Before we address the particulars of Starbucks position, a foundational question must be raised: why should Starbucks have any say in how Ethiopian coffee brands are treated as intellectual property? Just as the Starbucks Corporation likes to make business decisions on how it should protect its intellectual property without interference from competitors or suppliers, the same should hold for the Ethiopian coffee coalition.
In the 24 months since taking this position, Starbucks has failed to provide a single shred of evidence or argument to back up the claim that certification marks would provide greater benefit to farmers. In fact, in a recent interview given to The Times, CEO Jim Donald stated that he did not understand the difference between the two kinds of marks. Meanwhile, the Ethiopian coffee sector has offered compelling arguments as to why they think certification marks would not be effective. As this claim is the most technically complicated, detailed unpacking is called for. My take on why trademarks are far superior goes as follows:
1. The purpose of the certification mark is not aligned with the goal of the Ethiopian coffee sector—getting a better price for their coffee.

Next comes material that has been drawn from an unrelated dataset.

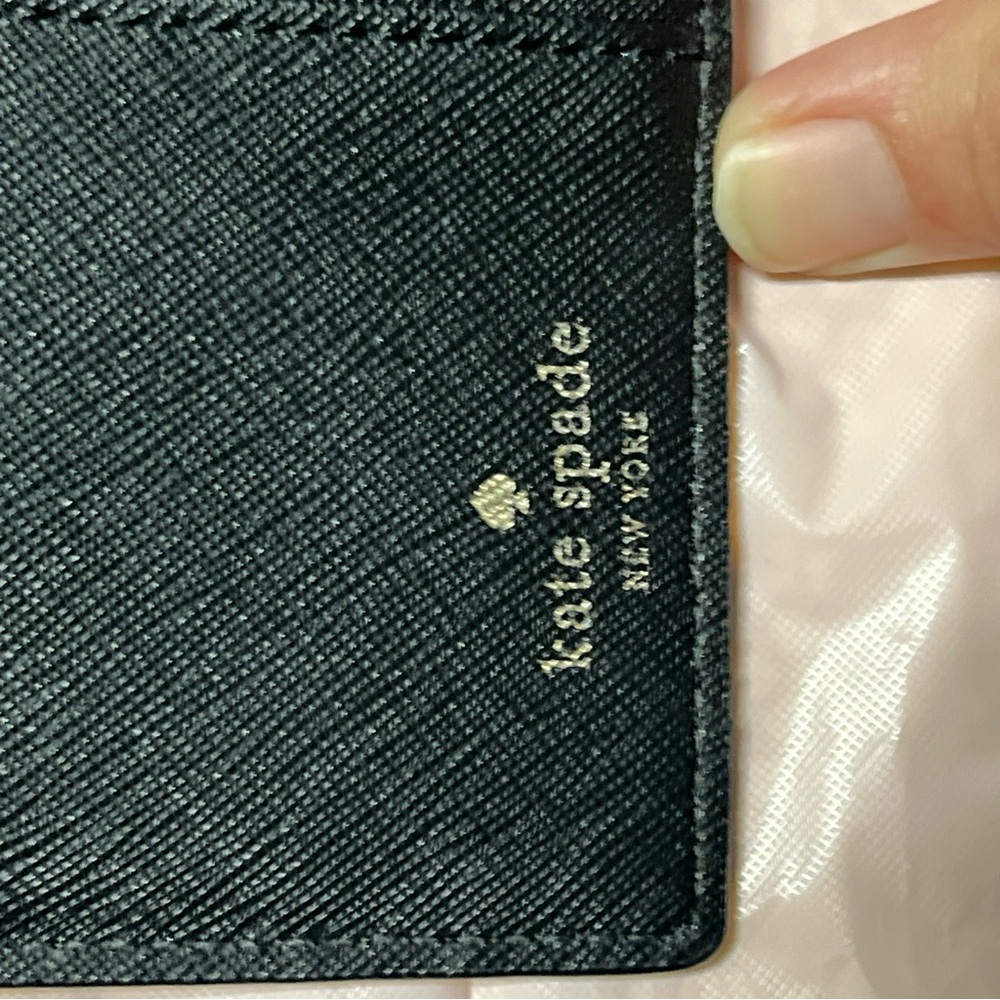Kate Spade Brown Textured Wallet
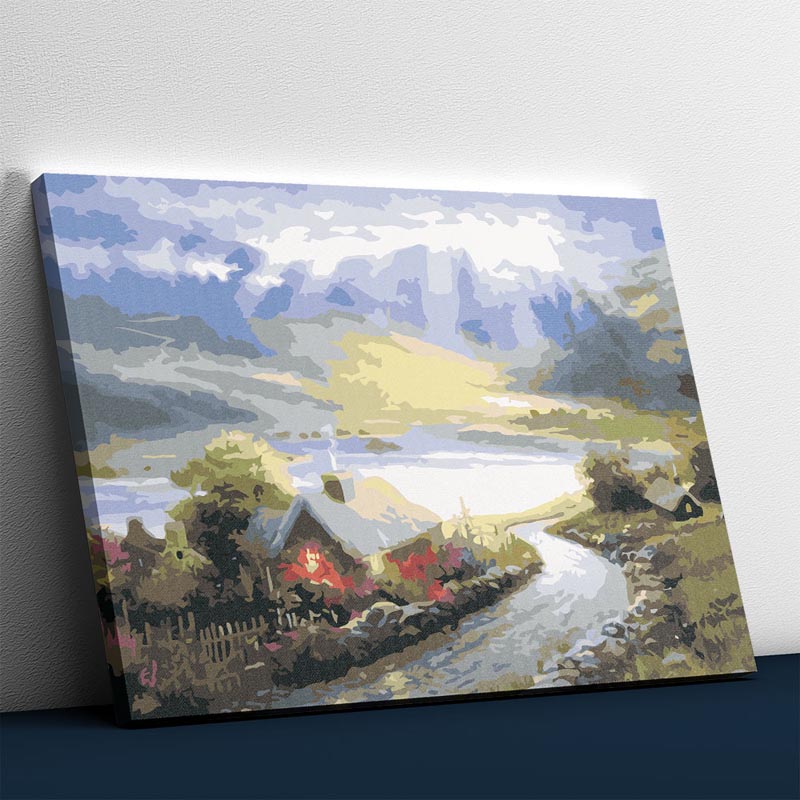 Schönes Haus am Fluss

The primary purpose of the certification mark is to protect traditional regional foods and beverages against counterfeits and copycats (e.g., “Basmati” rice produced in Texas, American “Burgundy”). This is not the problem on the table for Ethiopian coffee producers. They are concerned with the price they get for the coffee they grow. Ethiopian branded coffees get poor prices now because their producers have no market power. Certification marks would not give Ethiopians commercial control of their coffee brands and, so, would not enhance the producers’ power to improve their profits. With the trademarks, the Ethiopian coffee sector would be able to act as a single collective economic entity and would have complete commercial control of their coffee brands: distribution channels, communications, packaging, and pricing. Trademarking would give them desperately needed leverage in the marketplace, and hopefully allow them to garner higher prices over time. If Starbucks believes in good faith that certification marks can improve profits, the onus is on the company to make the argument how this would work. Otherwise, we should assume this is obfuscating rhetoric rather than the actions of a socially responsible company.
2. Certification marks are designed to defend valuable intellectual property, not to develop economic value.
Certification marks are of little help unless producers have direct access to consumer markets and have already established valuable brands. The Economist mentions French wines as a useful analogy. Let’s consider Bordeaux wines then: don’t wine producers do well with their certification marks? Some of them certainly do, but this has nothing to do with certification marks. The leading chateaux earn extraordinary sums because, through centuries of marketing, they have established extremely powerful luxury consumer brands (e.g., Latour, Lafite Rochschild, Haut Brion). As a result, these producers have tremendous market power and so can sustain high wholesale prices. The same cannot be said of Bordeaux producers that do not have a famous chateau brand. Bordeaux does not command a premium in the marketplace and faces slumping demand (some would say a crisis).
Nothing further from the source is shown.